Victory Point - Ed Darack [49]
“Can anyone else confirm what he is saying. I believe him—but I need to confirm with another source.”
Shaded relief map of the Sawtalo Sar region, including the Korangal Valley, the Shuryek Valley, the Chowkay Valley, the Narang Valley, the Pech River Valley, and the Kunar Valley
Bobby and L.C. continued talking, then the former mujahideen gestured for Regan to jump into his truck. L.C. drove the lieutenant to the home of another man who was involved in security of the region. He confirmed everything L.C. had told Regan, adding also a list of Ahmad Shah’s relatives who didn’t support the terrorist, and told Regan two of Shah’s aliases: Molawi Ibrahim, Ismael, Mullah Mohammed Ismael, and Commander Ismael. “Thank you, thank you both, I’ll see you again.” Turner noted a list of the village’s needs to pass to battalion HQ, then headed back to brief Westerfield.
“You’re amazing, Turner. Absolutely amazing.”
“Thanks, sir. Just doing my job, though.”
“Get a picture of him?”
“No. They didn’t offer one.”
“That’s fine. What you’ve given me is what we need to proceed, it’ll get Tommy Wood rollin’ on the final op plan.”
Westerfield pored over Turner’s notes, compiling a detailed picture of Shah, his small cell, and his area of operation. To Westerfield, the terrorist leader clearly was using his Pashai background to co-opt the locals in the Korangal, who clung to their Safi beliefs. But Shah’s connections seemed to span a broad fundamentalist spectrum, from the Pashtun-dominated Taliban to the Arab-rooted apocalyptic al-Qaeda. But because he spent time—actually lived in—Hekmatayar’s Shamshatoo, Westerfield believed that Shah’s primary allegiance, and substantial financial, personnel, and armament support, came from HIG or associated Pakistani connections. Hekmatyar, who was known in the late sixties to throw battery acid on women who dared to show their wrists and ankles while walking down streets in Kabul, proved to be a continuing thorn in the side of democratic evolution well into the twenty-first century in the region. Far more important—from a tactical standpoint—than his specific connections, Shah seemed to have established a firm network: safe houses, financial aid, arms caches, paid runners and observers, which he intended to utilize to dash the prospects in the Kunar that the Marines had come to secure: the upcoming safe, unfettered democratic national elections.

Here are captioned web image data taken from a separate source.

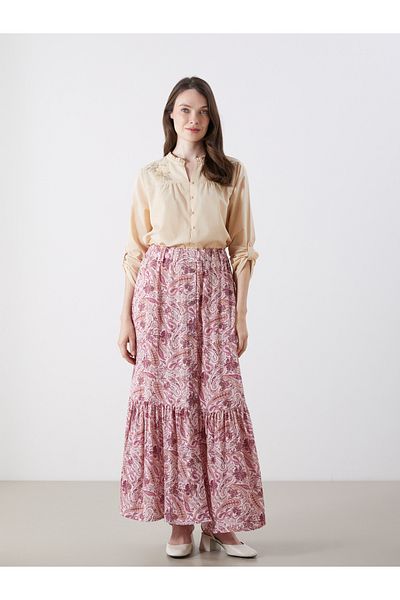 LC Waikiki Fusta plisată cu model cu talie elastică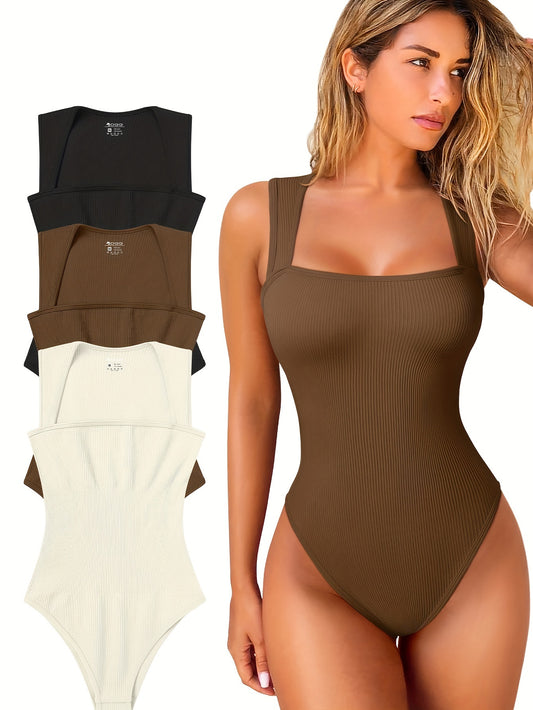OQQ 3 Piece Bodysuits For Women Sexy Ribbed Strappy Square Neck Stretch Tank Tops Bodysuits - Hiccupzz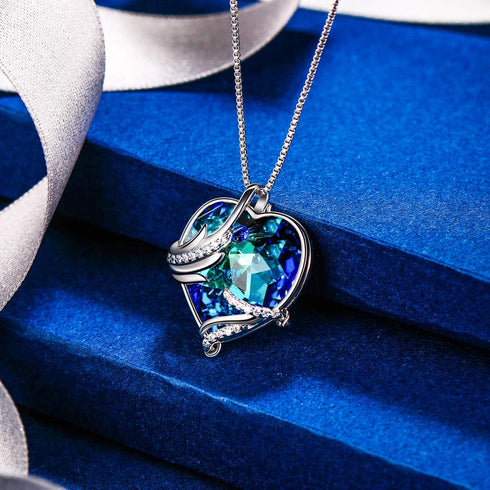 EleQueen Angel Wings Heart Necklace for Women, Pendant Jewelry Gifts for Her Women Mom Grandma on Christmas, Valentine's/Mother's Day, Anniversary...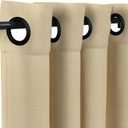 Sunbrella Canvas Antique Beige Outdoor Curtain with Dark Gunmetal Grommets 50 in. Wide x 96 in. Long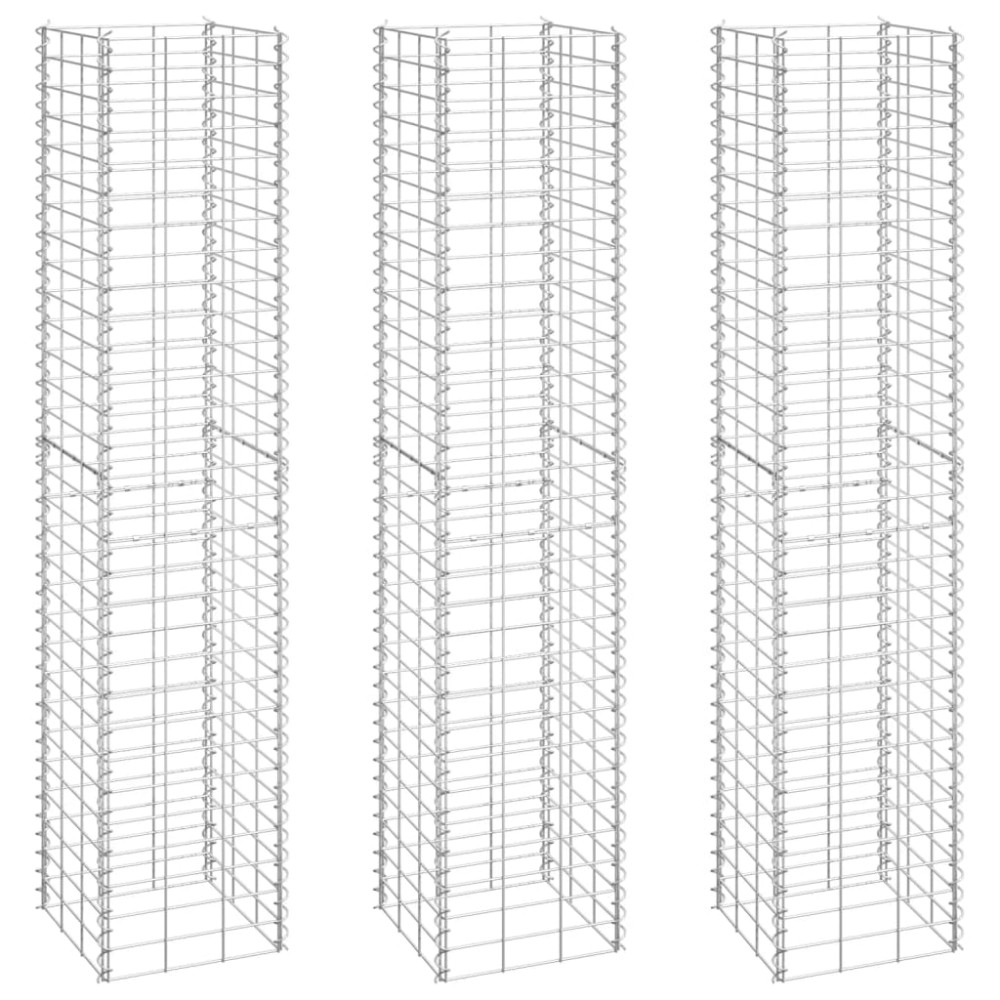 vidaXL Συρματοκιβώτια-Γλάστρες Υπερυψ. 3 τεμ. 30x30x150εκ. Σιδερένιες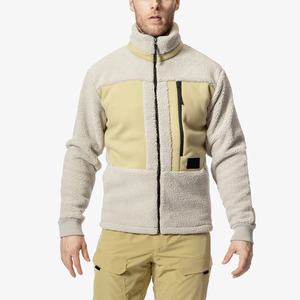 Men's <b>Fleece</b> <b>Jacket</b> Stand Collar Color Blocking Zipper Closure Windproof <b>Thick</b> Sherpa Lining Winter Casual Outdoor Wear - Product Image 1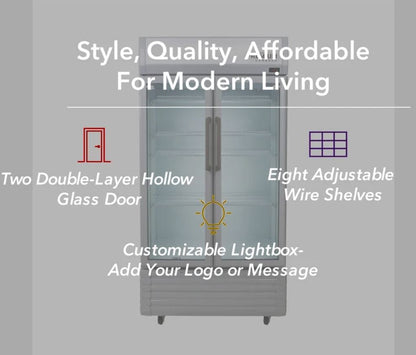 16.0 CuFt Commercial Display Refrigerator 2-Glass Door Merchandiser in Silver with 8 Adjustable Wire Shelves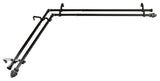 Bud 13/16 inch Double Corner Window Curtain Rod, Black, 48-84"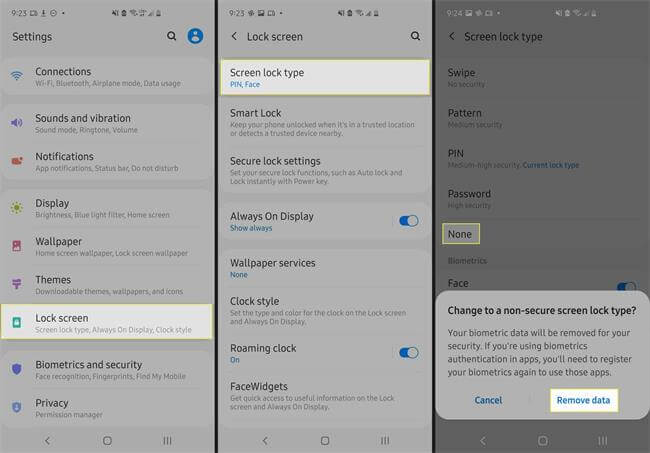 disable screen lock samsung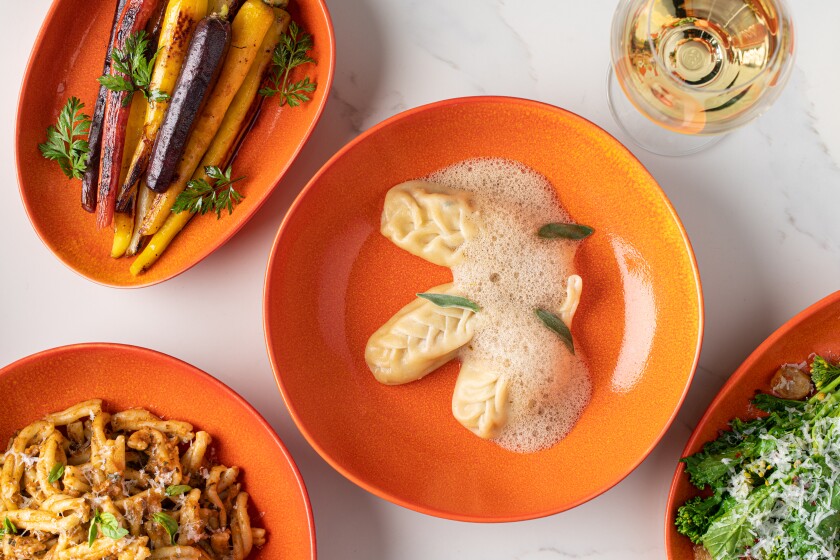 A selection of dishes at Garibaldi, a new speakeasy-style restaurant/bar at the Intercontinental San Diego hotel.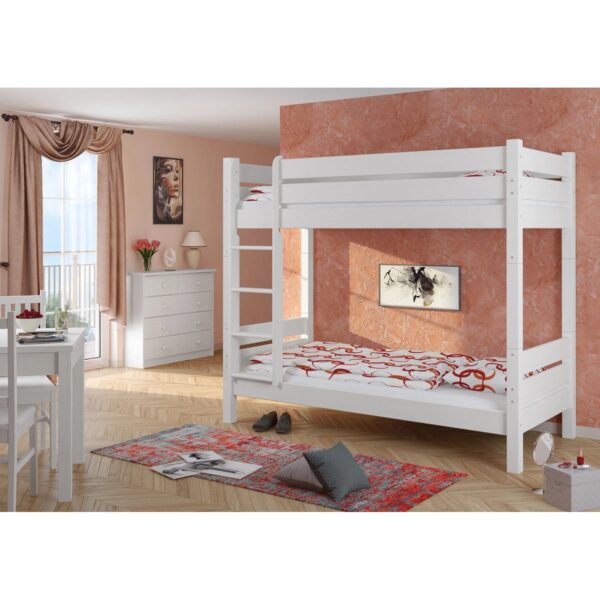 Erst-Holz Weißes Stockbett 80 x 200 cm Kiefer Massiv Nische 100 Teilbar Modell 16 ohne Zubehör Erst-Holz Weißes Stockbett 80 x 200 cm Kiefer Massiv Nische 100 Teilbar Modell 16 ohne Zubehör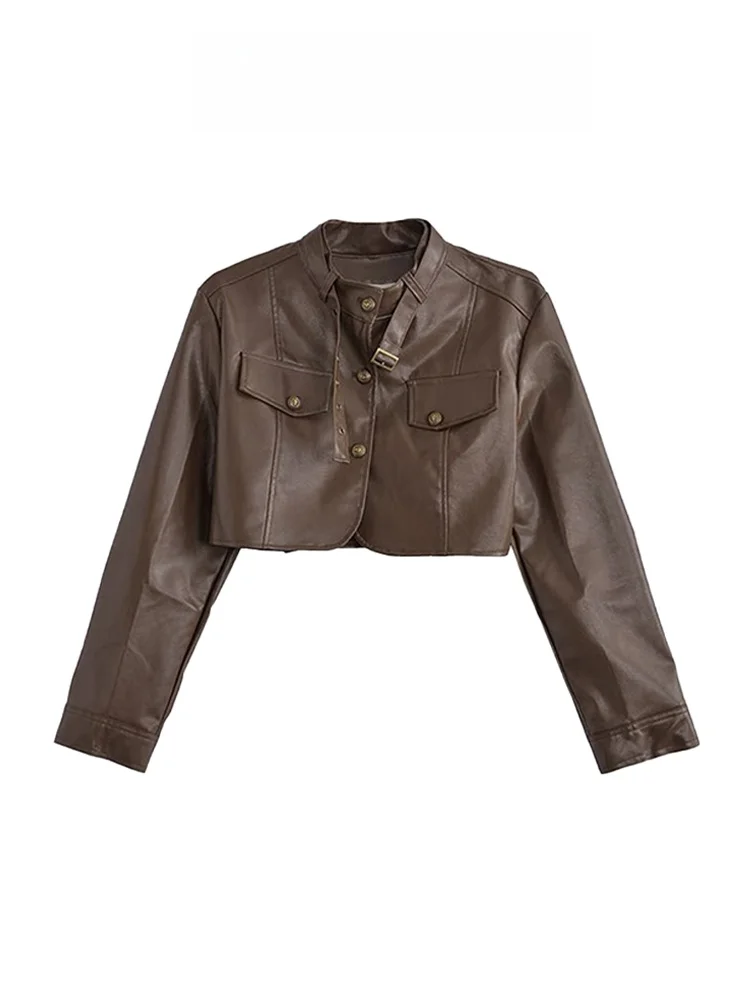 Ele ort PU cuir Biker Jaet femmes Faion printemps automne nouveau Sle petite taille personnalité haut d'extérieur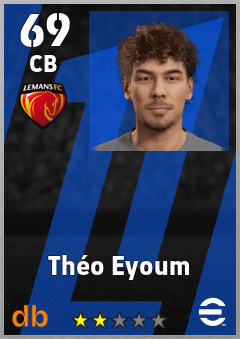 Théo Eyoum — CB, OVR 69, MAX 69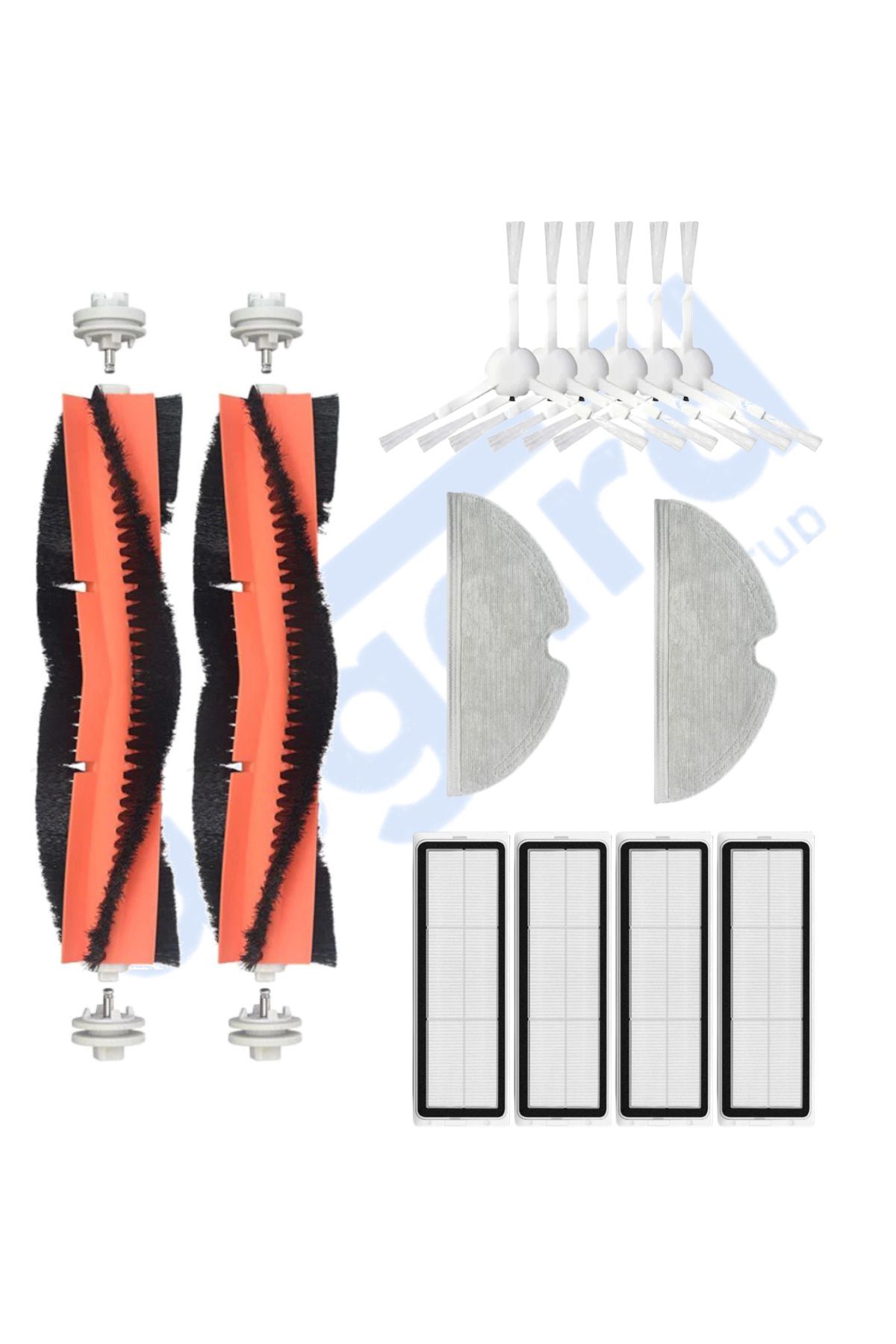 Asgard Grup Xiaomi 1C,2C,Mop 2 Uyumlu 2 Ana Fırça 6 Yan Fırça 4 Filtre 2 Mop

Gazing at 1:50,000 scale maps of the specific region where Turner reported the location of Shah’s operations—in and around the village of Chichal and the summit of Sawtalo Sar—Westerfield immediately realized that he was staring at the catbird seat for any insurgent or terrorist cell in the region. Sawtalo Sar is a domineering massif, a north-south-trending five-mile-long phalanx of twisted, dark earth that rises over 6,000 vertical feet from its water-lapped base on the Pech River to its apex at 9,282 feet above sea level. Chichal village, a loosely defined medley of stone houses and large timber smuggler-built mansion compounds, lies near the very summit of the peak. An extensive trail network, splaying out from the main “Super Highway” trail that runs along the crest of the peak’s north ridge, interconnects the village’s houses, pastures, and terraces. The mountain is densely covered in Himalayan deodar cedar and broad-leaf ferns on its upper shoulders; numerous rock outcroppings grant vistas of the Pech Valley, the Korangal Valley (of which the peak defines the eastern wall), and the Shuryek Valley, of which Sawtalo Sar forms the western periphery. From Chichal and Sawtalo Sar’s summit, Westerfield noted that Shah could control a number of small units of his team, ambushing convoys, emplacing rocket attacks, and lobbing mortars into villages, through his ICOM two-way radio.